§ WORK TO BE COMPLETED: Of the entries below, return only those lines from the line with "LOT 228: Baltimore" to the line with "Exterior view of", exactly, both included.

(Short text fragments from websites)
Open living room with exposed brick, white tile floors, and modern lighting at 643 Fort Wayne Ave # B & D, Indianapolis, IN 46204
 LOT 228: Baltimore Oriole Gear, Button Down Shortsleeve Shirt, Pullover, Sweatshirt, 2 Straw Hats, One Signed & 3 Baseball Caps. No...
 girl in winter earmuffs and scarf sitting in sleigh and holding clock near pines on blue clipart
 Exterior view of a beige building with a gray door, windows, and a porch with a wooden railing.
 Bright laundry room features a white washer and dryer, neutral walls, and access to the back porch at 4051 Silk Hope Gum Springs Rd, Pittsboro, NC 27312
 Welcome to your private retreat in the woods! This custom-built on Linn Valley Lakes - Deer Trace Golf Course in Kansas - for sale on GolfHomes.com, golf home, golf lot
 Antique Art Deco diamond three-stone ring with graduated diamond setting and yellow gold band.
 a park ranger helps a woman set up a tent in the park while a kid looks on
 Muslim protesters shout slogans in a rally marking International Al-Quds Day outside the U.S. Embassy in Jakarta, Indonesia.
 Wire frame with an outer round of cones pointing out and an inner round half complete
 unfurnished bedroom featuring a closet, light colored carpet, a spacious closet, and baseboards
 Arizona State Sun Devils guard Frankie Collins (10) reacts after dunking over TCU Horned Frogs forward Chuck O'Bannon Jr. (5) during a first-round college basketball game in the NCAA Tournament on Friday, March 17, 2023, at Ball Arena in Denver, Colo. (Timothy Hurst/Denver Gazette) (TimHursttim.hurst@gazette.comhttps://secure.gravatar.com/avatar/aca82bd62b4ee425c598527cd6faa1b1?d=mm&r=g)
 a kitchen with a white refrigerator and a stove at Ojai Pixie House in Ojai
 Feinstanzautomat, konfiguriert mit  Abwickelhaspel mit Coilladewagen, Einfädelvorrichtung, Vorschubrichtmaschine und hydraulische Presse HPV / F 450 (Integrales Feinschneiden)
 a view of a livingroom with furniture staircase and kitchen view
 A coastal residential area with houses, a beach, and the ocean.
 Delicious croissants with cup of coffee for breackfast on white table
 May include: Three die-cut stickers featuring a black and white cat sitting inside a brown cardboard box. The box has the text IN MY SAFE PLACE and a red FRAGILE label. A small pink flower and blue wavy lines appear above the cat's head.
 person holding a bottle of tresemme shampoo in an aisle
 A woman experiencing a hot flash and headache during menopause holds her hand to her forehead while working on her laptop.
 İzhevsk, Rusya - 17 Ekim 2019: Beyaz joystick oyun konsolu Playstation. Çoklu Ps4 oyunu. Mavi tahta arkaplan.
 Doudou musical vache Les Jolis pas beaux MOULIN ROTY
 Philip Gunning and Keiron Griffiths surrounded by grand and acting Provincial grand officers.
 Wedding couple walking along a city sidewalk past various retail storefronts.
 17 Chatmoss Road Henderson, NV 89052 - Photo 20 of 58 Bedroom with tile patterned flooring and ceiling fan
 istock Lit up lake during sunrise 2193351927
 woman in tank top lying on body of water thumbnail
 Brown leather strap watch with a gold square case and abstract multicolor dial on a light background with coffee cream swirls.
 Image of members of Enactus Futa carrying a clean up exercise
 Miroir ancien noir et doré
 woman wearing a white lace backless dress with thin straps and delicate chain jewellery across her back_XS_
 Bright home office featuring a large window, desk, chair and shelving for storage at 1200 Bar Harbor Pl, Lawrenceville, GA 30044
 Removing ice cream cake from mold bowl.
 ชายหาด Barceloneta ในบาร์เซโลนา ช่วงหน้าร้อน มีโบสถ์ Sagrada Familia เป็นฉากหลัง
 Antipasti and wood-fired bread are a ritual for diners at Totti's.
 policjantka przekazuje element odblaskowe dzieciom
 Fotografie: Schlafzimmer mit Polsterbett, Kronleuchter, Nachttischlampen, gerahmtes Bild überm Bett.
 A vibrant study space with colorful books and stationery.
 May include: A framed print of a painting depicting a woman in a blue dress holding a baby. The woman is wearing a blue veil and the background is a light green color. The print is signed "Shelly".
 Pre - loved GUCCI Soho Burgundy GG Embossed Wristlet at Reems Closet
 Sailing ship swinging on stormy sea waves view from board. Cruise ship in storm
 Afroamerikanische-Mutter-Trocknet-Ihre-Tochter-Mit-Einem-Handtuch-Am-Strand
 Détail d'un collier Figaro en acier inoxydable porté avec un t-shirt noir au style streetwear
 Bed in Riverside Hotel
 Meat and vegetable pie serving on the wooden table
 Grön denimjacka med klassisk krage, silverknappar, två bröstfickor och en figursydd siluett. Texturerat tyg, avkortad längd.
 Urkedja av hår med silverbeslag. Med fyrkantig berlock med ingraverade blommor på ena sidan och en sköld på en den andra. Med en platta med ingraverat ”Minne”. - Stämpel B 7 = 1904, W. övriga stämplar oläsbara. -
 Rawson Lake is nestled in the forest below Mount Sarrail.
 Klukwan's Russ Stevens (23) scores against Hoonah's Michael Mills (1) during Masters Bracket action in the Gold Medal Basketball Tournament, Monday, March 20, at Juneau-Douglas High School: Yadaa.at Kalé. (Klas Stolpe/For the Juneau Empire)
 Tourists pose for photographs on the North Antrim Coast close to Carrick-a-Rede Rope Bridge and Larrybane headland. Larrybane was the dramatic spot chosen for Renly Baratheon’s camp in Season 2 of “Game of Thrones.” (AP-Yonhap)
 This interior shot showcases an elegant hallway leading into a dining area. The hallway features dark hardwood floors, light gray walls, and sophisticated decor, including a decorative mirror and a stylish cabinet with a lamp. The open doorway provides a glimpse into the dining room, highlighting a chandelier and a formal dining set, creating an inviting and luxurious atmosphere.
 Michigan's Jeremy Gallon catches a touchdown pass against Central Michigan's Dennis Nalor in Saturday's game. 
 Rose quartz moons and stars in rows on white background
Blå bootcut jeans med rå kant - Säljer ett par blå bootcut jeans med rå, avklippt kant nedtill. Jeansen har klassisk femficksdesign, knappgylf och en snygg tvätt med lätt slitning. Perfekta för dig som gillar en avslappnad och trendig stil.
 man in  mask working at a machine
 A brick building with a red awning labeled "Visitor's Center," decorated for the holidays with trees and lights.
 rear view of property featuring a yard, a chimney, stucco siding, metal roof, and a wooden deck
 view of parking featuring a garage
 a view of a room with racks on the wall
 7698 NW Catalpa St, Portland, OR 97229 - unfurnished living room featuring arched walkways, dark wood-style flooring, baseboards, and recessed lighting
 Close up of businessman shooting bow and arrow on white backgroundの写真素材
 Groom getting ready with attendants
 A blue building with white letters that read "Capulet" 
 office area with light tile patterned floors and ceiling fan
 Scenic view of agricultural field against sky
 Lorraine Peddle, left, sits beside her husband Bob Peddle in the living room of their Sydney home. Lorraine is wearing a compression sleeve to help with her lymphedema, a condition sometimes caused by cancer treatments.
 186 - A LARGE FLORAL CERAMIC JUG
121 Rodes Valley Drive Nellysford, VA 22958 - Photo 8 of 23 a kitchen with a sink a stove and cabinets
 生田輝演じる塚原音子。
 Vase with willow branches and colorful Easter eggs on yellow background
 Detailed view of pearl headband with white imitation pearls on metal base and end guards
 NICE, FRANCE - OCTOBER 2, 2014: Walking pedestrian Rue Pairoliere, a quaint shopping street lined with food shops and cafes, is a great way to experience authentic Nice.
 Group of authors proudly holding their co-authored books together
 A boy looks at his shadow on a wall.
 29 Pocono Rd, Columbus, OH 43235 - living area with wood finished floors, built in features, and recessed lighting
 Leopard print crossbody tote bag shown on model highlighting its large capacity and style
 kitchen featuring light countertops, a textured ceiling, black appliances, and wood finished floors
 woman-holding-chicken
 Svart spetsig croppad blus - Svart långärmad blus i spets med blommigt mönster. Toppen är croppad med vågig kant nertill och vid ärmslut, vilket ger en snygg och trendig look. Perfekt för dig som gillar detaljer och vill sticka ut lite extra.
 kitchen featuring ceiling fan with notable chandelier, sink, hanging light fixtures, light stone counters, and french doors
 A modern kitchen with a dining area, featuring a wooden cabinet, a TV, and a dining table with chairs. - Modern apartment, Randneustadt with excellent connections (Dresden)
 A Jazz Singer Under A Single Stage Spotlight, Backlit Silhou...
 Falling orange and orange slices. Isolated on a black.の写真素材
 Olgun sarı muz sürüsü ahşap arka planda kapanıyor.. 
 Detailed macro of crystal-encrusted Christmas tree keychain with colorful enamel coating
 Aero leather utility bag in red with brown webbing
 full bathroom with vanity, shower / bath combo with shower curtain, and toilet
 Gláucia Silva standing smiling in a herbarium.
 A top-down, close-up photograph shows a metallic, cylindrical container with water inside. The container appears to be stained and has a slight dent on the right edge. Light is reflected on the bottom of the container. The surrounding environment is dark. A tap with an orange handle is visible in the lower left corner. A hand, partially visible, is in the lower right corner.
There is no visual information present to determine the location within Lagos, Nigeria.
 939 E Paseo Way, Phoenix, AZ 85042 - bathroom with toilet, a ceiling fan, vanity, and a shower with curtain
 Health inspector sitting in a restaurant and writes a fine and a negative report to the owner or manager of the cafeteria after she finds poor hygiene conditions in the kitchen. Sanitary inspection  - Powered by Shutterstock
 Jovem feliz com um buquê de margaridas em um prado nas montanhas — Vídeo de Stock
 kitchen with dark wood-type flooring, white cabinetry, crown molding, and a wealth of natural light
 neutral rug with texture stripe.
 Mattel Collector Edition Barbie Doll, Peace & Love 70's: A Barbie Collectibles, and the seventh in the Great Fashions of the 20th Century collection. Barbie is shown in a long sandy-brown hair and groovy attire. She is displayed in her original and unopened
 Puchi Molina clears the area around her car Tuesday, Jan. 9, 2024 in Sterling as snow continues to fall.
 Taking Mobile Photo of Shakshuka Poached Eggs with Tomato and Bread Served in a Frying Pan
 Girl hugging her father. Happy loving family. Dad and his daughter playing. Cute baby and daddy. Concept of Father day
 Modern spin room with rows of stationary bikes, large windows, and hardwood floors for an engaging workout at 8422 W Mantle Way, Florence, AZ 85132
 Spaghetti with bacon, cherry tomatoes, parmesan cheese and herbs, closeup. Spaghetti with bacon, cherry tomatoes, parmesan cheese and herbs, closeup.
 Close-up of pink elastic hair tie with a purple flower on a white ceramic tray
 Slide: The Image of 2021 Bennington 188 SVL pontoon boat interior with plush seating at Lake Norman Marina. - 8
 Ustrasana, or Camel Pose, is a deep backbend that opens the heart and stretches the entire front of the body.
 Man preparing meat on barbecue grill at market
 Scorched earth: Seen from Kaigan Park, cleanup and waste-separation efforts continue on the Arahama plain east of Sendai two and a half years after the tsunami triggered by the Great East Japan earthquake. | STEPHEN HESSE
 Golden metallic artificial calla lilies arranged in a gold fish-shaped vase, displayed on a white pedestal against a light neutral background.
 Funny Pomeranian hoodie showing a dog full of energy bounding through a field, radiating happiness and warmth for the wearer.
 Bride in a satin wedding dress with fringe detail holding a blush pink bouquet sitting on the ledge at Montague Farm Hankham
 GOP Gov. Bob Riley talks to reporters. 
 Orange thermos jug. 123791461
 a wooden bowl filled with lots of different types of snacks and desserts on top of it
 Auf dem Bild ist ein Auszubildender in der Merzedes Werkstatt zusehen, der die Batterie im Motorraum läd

§ OUTPUT FOR THIS EXERCISE:
 LOT 228: Baltimore Oriole Gear, Button Down Shortsleeve Shirt, Pullover, Sweatshirt, 2 Straw Hats, One Signed & 3 Baseball Caps. No...
 girl in winter earmuffs and scarf sitting in sleigh and holding clock near pines on blue clipart
 Exterior view of a beige building with a gray door, windows, and a porch with a wooden railing.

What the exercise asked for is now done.